I Fishmans sono stati una band giapponese dalle influenze dub, dream pop, funk rock (ma non solo) attiva principalmente tra il 1987 e il 1999, formata dal cantante, chitarrista e trombettista Shinji Sato, il batterista Kensuke Ojima, il bassista Yuzuru Kashiwabara e il tastierista Hasake-Sun (il cui vero nome è sconosciuto).
Fino al 1994, precedentemente al rilascio dell’album “Orange”, era presente nel gruppo anche il chitarrista Kensuke Ojima, poi rientrato nel gruppo anche nel 1999.
La band, dopo la morte del cantante Shinji Sato avvenuta nel 1999, continua tutt’oggi ad esibirsi sporadicamente live, e ha anche rilasciato della musica scritta quando Shinji Sato era ancora in vita, rimanendo una band attiva ad intervalli irregolari.
I Fishmans, rimasti relativamente underground nel corso della loro carriera, acquisirono poi con internet un grosso seguito internazionale, diventando tra le band più importanti del panorama musicale anni ’90 giapponese.
“Orange” è il quarto album del gruppo, uscito nel 1994.
L’album, composto da nove tracce, si apre con il brano “Intro”, breve traccia di 23 secondi dal sapore funk che è una vera e propria introduzione, per l’appunto, al brano successivo (“Kibun”), rappresentando a tutti gli effetti uno spezzone di questo e dando quindi un veloce anticipo su ciò che si potrà poi ascoltare nella successiva traccia.
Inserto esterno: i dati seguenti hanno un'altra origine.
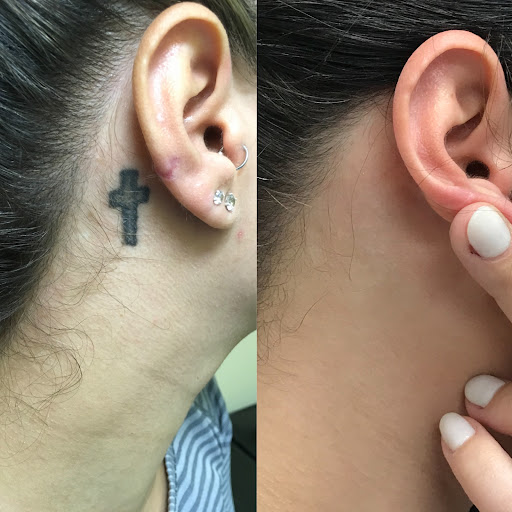 Explore cross sleeve tattoo ideas, creative tattoo ideas in Saint Louis, available at Vanishing Point Laser Tattoo Removal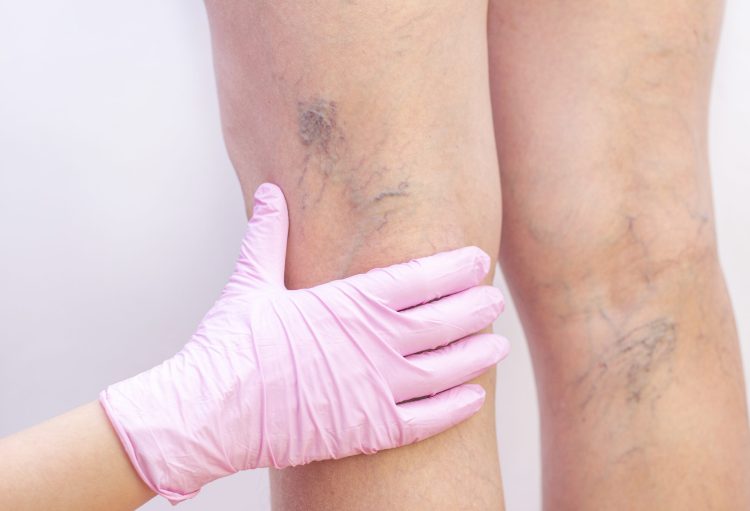 Female legs with varicose veins. At the doctors surgeons appointment. doctors hands in gloves. Concept of human health and disease. Vascular diseases, problems of varicose veins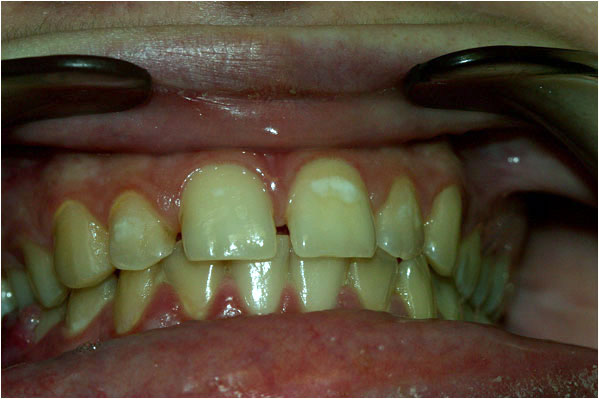 Dental Veneers Before
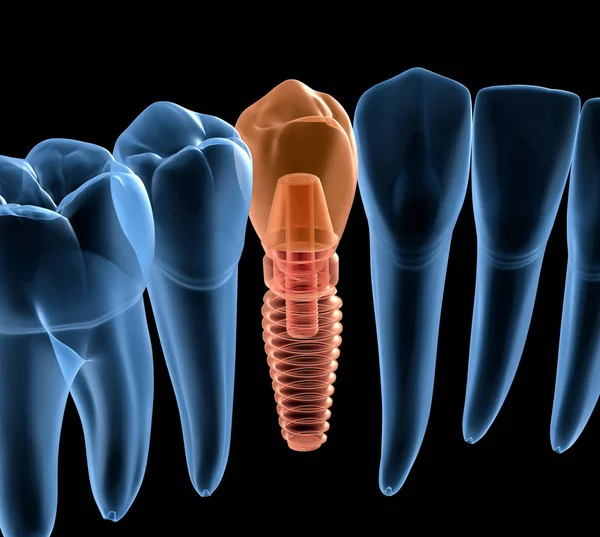 İmplant ile premolar diş kurtarma, x-Ray görünümü. İnsan dişleri ve protezkavramının tıbbi olarak doğru 3d illüstrasyon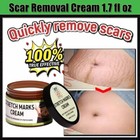Scar Repair Cream 50g   Anti Stretch Mark   Scar Removal Treatment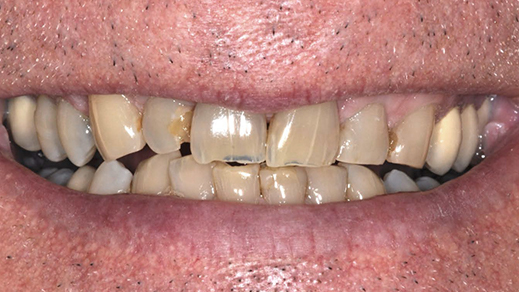 Worn and damaged teeth before porcelain veneer treatment
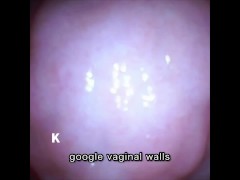 【膣壁映像】Twitterのフォロワーさんからプレゼントして頂いたカメラ付き小型バイブで、膣壁を撮影しました。 - Screenshot 4 of 16 - Vaginal Wall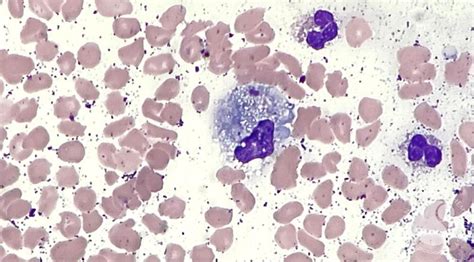 Peripheral Blood Smear Shows A Circulating Histiocyte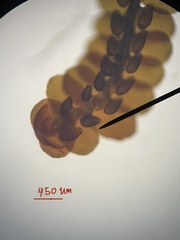 Frullania capensis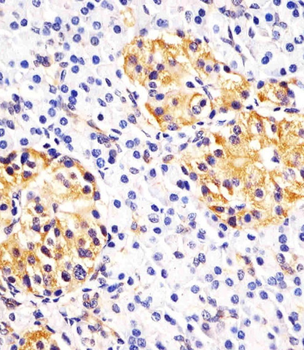 Hsp 60 Antibody (N-term)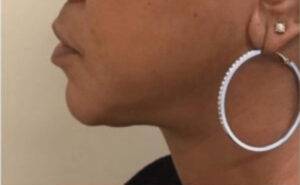 Dermal filler treatment patient photo, side profile view of the face — Dr. Rudderman, Atlanta.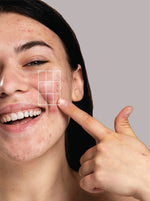 Anti Bacterial Acne Cream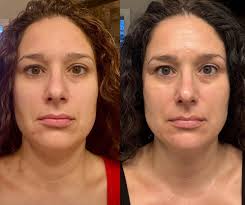 Importance of Skincare Routine for Self-care and Product Effectiveness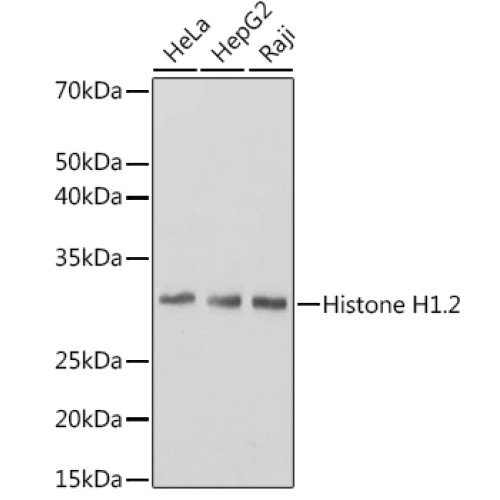 Histone H1.2 Rabbit mAb
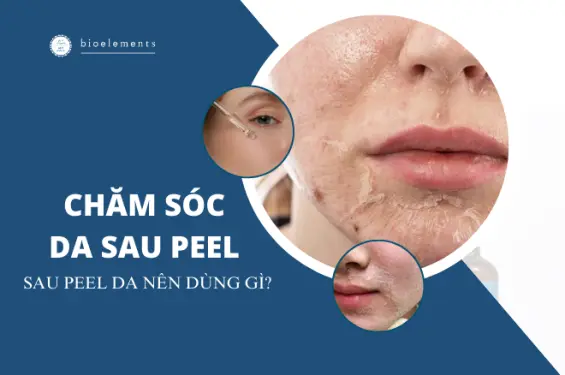 Chăm sóc da sau peel: Sau peel da nên dùng gì?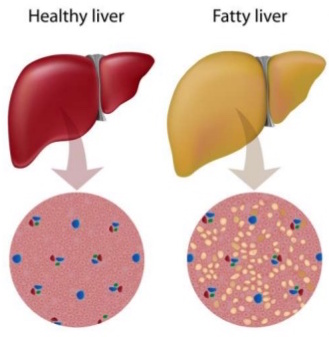 metformina tratamento diabetes esteatose hepática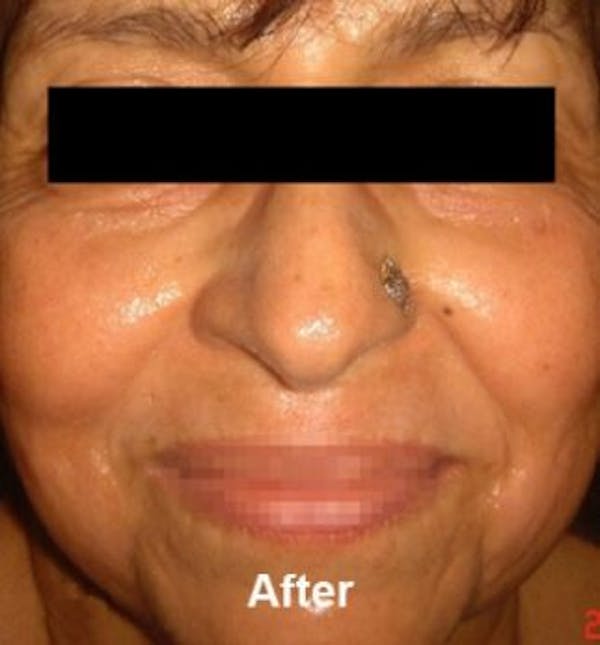 Infini Before & After Gallery - Patient 25274826 - Image 2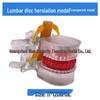 Genuine Lumbar Spine Protrusion & Vertebra Pathology Model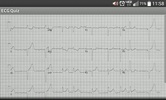 ECG_Quiz screenshot 3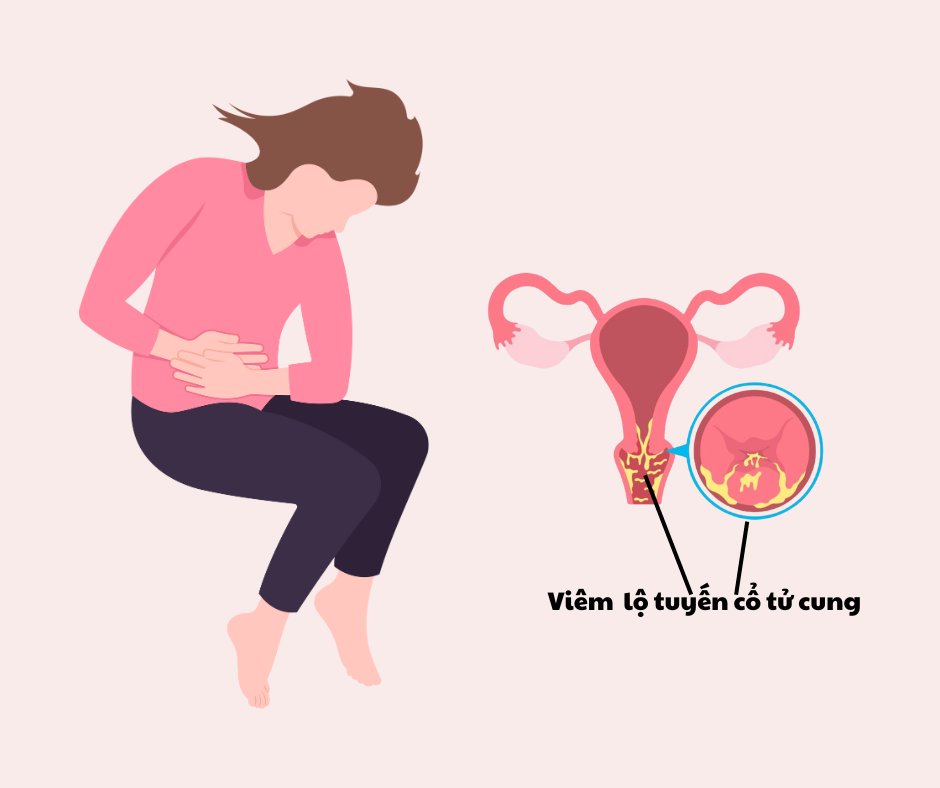 Viêm lộ tuyến cổ tử cung ảnh hưởng rất nhiều đến chất lượng cuộc sống 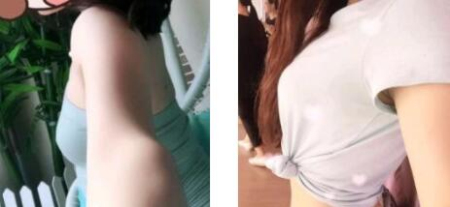 北京东方和谐孙泽芳隆胸怎么样?价格?口碑?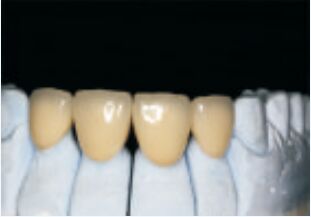 تاج و جسر من سبيكة النبيلة البيضاء الدقيقة و المخصصة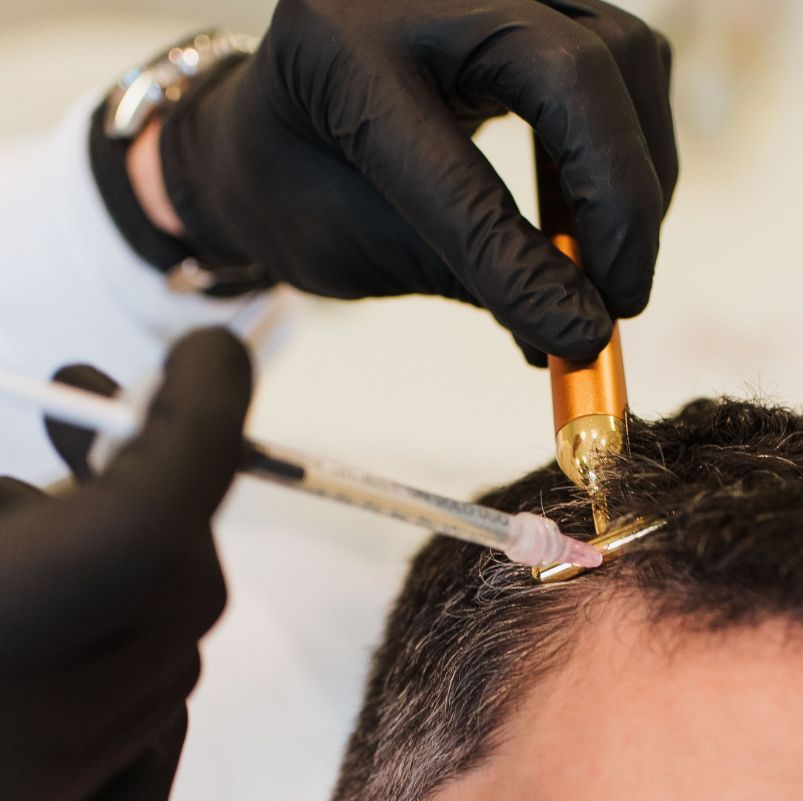 mesoterapia-capilar-barcelona-Garcia-Quiroga
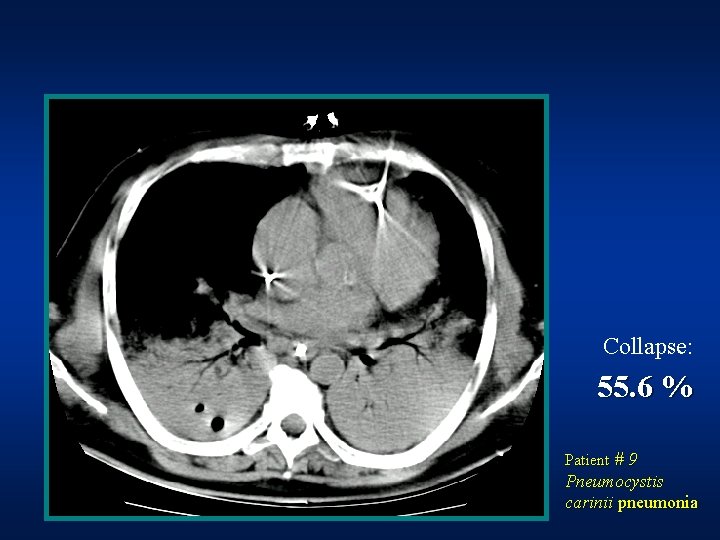 Collapse: 55. 6 % Patient # 9 Pneumocystis carinii pneumonia Collapse: 55. 6 % Patient # 9 Pneumocystis carinii pneumonia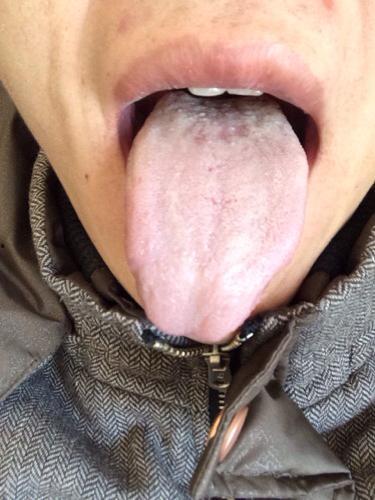 吃瓜舌苔白厚,揭秘吃瓜背后的健康密码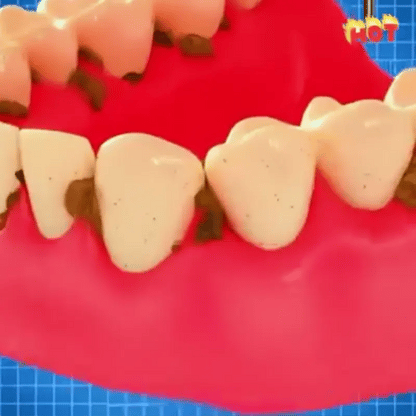 SmilePro 360 - Blanqueador Dental Instantáneo
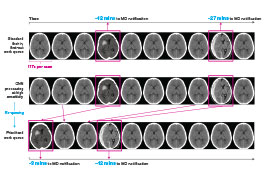 Neurology and Neurosurgery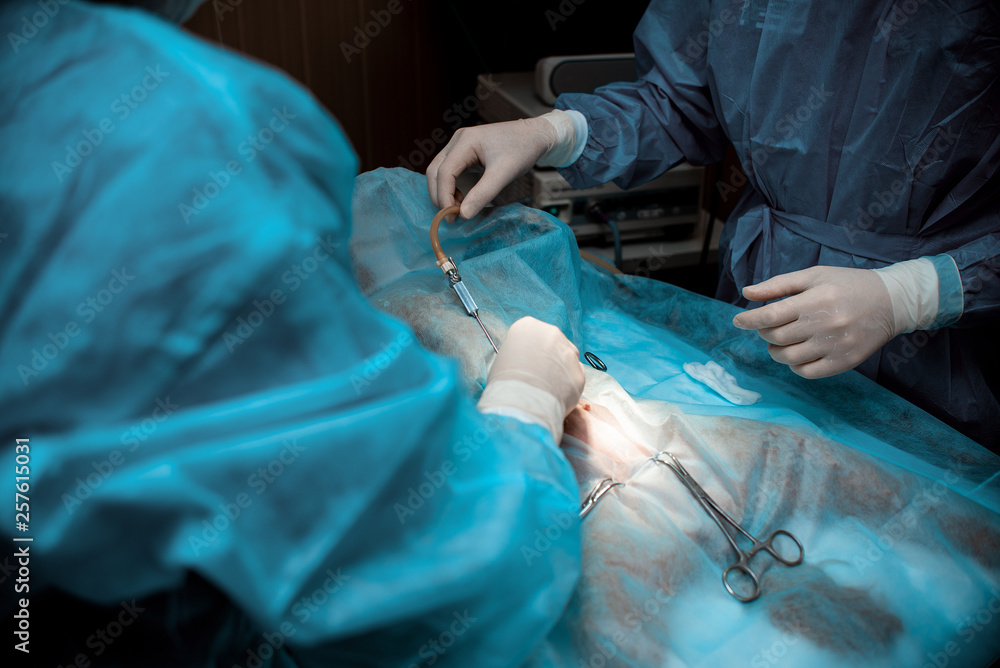 Doctors men and women in blue coats and gloves perform an operation to
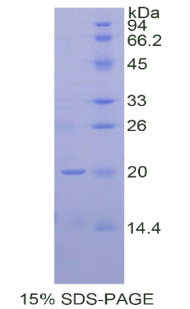 Recombinant Hedgehog Homolog, Indian (IHH)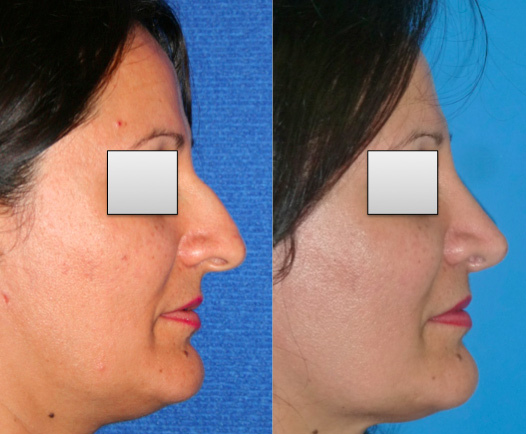 Rhinoplastie Lyon Mojallal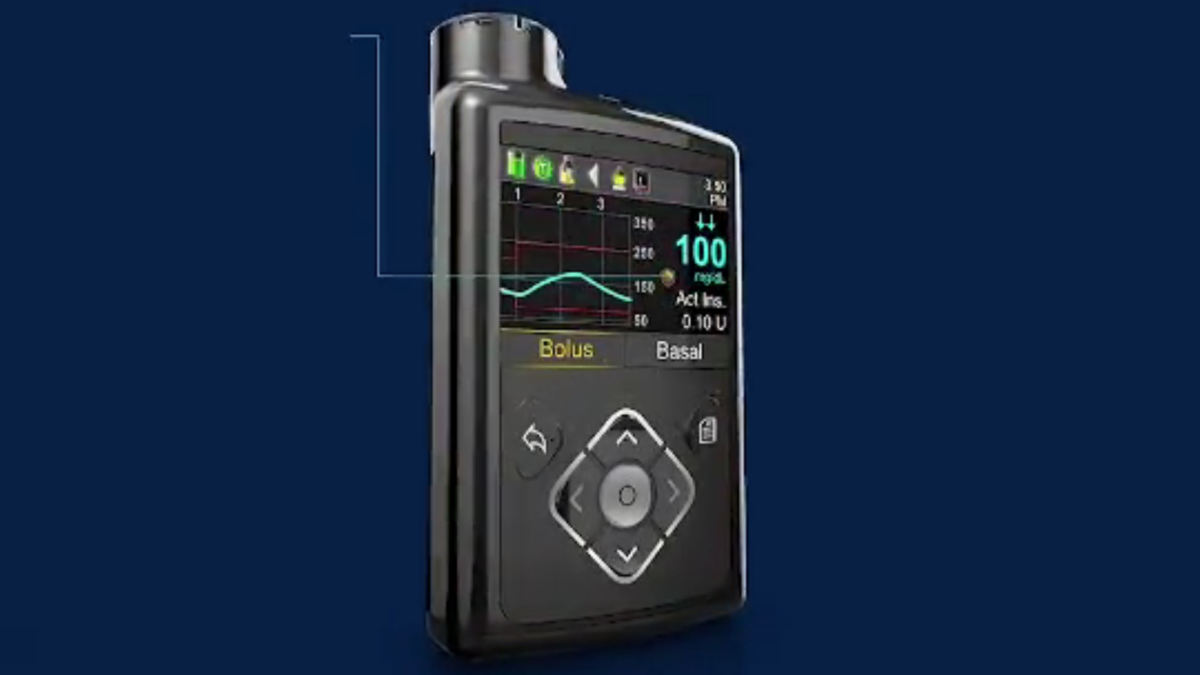Medtronic MiniMed insulin pump.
Allo stesso tempo “Intro” anticipa a livello di sound ciò che può essere ritrovato nell’album.
“Kibun” è il primo brano vero e proprio dell’album, che come introdotto da “Intro” presenta delle chiare sonorità funk, con una linea ritmica formata da un basso e una batteria con un gran groove, una chitarra ritmica estremamente funk e una seconda chitarra che propone delle melodie che regalano al pezzo anche delle sfumature un po’ più rock.
La voce androgina del cantante e l’organo in sottofondo richiamano il funk anni ’70, mentre i riff di chitarra funk-rock nella strofa richiamano molto il funk anni ’90 (d’altronde decade di uscita dell’album) dei Red Hot Chili Peppers.
L’album prosegue con “Wasurechau Hitotoki”: anche in questa traccia possiamo ritrovare le influenze funk, con dei suoni a tratti tendenti all’hip hop. La voce del cantante ancora una volta si presenta come estremamente suggestiva e raffinata, con un ritornello decisamente orecchiabile.
Il successivo brano, “My Life”, è un brano più tendente al pop, dalle sonorità più dreamy e a tratti anche jazzy, con melodie che sanno rapire l’orecchio.
“Melody” è una traccia che riprende ma con ancora più enfasi la frenesia dei brani precedenti, con una bella e movimentata linea di basso dal sapore quasi jazz e un assolo di chitarra nel mezzo sporco che accantona la melodia in favore dell’energia, seguito da un crescendo emotivo che culmina con un assolo di organo e una batteria sempre incalzante e convincente.
Il successivo brano “Kaerimichi” inizia con un’intro onirica seguita da un verso in cui si possono sentire a pieno le influenze dub e dream pop della band. Brano molto “laid-back”, un momento più calmo dopo la incalzante “Melody”.
“Kansha (Odoroki)” è un brano che riprende le influenze funk viste in precedenza, con quasi un richiamo al City Pop giapponese anni ’80, decade precedente all’uscita dell’album, e una chitarra ritmica funk incalzante.
L’album prosegue con “Woofer Girl”: anche in questa traccia si possono trovare le influenze dub della band, con la sempre suggestiva voce del cantante, e un finale che richiama i migliori momenti della musica raggae.
La conclusione de’album avviene con “Yoru no Omoi”: traccia che presenta un forte sapore hip hop anni ’90 nella strumentale di basso, batteria e tastiera, con le solite accattivanti melodie della voce, e una chitarra minimal a tratti funk e a tratti più volta al creare suoni che donino un’atmosfera più dreamy/psichedelica al brano, con anche la presenza di una chitarra acustica. La traccia si chiude con un’orecchiabile melodia con cori che sfuma chiudendo appunto l’album.
L’album, molto variegato e divertente, rappresenta sicuramente un must per chi vuole approcciarsi ai Fishmans.